[[ Source data, beginning ]]
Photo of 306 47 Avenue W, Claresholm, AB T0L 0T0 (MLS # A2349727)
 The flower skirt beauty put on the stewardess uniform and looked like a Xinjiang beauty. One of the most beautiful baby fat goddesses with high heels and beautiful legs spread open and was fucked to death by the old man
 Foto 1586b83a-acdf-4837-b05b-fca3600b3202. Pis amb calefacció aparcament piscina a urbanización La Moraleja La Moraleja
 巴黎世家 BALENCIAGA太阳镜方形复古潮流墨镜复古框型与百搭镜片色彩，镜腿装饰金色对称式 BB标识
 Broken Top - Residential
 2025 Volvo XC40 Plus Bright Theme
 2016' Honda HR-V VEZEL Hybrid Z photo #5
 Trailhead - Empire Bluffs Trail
[[ Source data, end ]]
Problem to work on: Everything from the line with "Foto 1586b83a-acdf-4837-b05b-fca3600b3202. Pis" through the final line of the entries above must be duplicated exactly; both ends belong, and no other line does.

Task answer:
 Foto 1586b83a-acdf-4837-b05b-fca3600b3202. Pis amb calefacció aparcament piscina a urbanización La Moraleja La Moraleja
 巴黎世家 BALENCIAGA太阳镜方形复古潮流墨镜复古框型与百搭镜片色彩，镜腿装饰金色对称式 BB标识
 Broken Top - Residential
 2025 Volvo XC40 Plus Bright Theme
 2016' Honda HR-V VEZEL Hybrid Z photo #5
 Trailhead - Empire Bluffs Trail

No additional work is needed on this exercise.